## Task statement:
Reproduce exactly the lines from the one that holds "New York 12" through the last line of the entries, both ends included, but not the pictures.

## Records for processing:
======

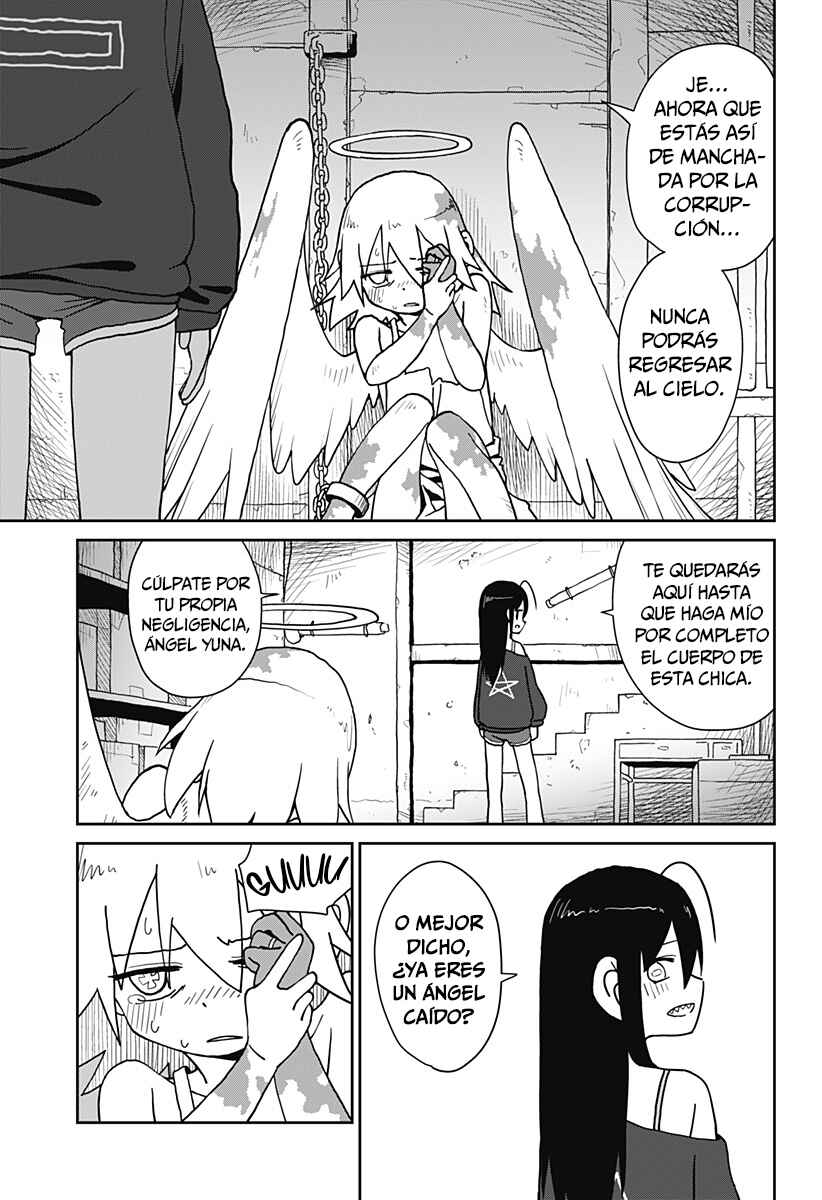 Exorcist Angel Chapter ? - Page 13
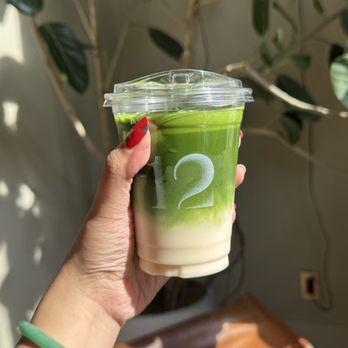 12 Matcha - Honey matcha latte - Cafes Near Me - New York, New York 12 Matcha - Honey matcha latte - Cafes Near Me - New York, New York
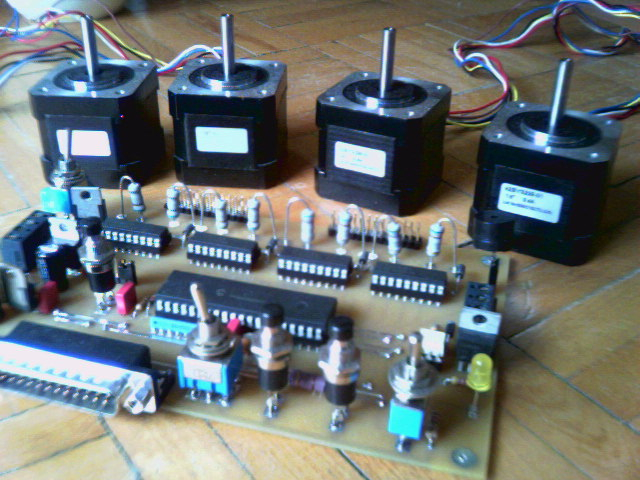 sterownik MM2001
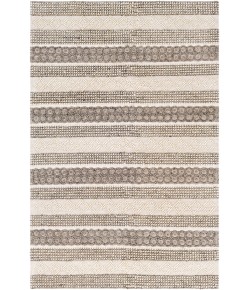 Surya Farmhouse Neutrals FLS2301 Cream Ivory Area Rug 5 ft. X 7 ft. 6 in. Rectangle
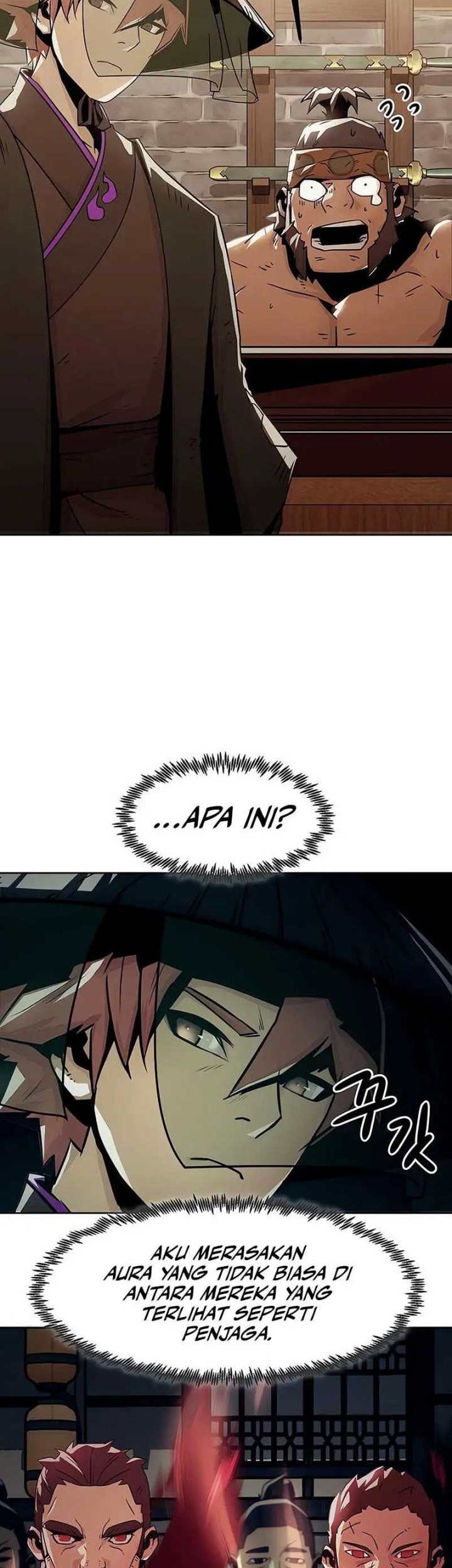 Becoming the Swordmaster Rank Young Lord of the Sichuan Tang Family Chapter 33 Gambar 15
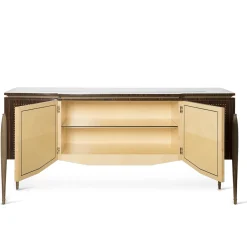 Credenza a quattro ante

======

## Reply:
 12 Matcha - Honey matcha latte - Cafes Near Me - New York, New York 12 Matcha - Honey matcha latte - Cafes Near Me - New York, New York
 sterownik MM2001
 Surya Farmhouse Neutrals FLS2301 Cream Ivory Area Rug 5 ft. X 7 ft. 6 in. Rectangle
 Becoming the Swordmaster Rank Young Lord of the Sichuan Tang Family Chapter 33 Gambar 15
 Credenza a quattro ante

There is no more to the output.